[INPUT DATA — start]

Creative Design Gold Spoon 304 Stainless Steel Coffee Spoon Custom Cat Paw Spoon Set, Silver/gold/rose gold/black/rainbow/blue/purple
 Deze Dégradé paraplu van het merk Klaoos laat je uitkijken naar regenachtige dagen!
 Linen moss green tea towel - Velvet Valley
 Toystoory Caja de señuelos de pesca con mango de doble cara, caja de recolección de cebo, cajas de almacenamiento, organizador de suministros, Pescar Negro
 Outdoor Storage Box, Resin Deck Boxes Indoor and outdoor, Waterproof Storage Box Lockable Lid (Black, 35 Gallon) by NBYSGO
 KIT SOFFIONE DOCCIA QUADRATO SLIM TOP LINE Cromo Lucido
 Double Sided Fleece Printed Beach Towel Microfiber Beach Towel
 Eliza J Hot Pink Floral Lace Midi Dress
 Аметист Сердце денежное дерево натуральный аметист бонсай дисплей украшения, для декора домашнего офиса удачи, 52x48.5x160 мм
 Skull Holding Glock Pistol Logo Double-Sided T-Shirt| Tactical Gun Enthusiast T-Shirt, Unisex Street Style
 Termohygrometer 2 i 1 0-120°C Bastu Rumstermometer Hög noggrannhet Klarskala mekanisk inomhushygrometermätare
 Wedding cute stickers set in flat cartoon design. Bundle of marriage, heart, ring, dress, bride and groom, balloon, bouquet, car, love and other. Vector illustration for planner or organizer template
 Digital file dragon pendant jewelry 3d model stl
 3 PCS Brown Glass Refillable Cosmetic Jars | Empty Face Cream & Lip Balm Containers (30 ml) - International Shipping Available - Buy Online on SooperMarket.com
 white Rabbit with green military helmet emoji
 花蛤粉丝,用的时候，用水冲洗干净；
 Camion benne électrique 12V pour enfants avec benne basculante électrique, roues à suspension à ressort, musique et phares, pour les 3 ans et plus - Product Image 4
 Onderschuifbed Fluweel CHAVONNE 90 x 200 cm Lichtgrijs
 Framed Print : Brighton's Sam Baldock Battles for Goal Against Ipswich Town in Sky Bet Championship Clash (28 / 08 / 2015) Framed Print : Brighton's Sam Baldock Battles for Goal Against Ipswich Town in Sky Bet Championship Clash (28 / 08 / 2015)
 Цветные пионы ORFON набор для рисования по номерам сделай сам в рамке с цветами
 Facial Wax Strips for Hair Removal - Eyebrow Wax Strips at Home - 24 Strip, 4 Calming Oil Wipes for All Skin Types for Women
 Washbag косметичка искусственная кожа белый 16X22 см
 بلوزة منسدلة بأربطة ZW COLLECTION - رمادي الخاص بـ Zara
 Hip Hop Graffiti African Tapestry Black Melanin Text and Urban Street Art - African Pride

[INPUT DATA — finish]

- _THE TASK_
Scan the material above for the string "Street" and return the lines that hold it.

- _REPLY TO THE TASK_
 Skull Holding Glock Pistol Logo Double-Sided T-Shirt| Tactical Gun Enthusiast T-Shirt, Unisex Street Style
 Hip Hop Graffiti African Tapestry Black Melanin Text and Urban Street Art - African Pride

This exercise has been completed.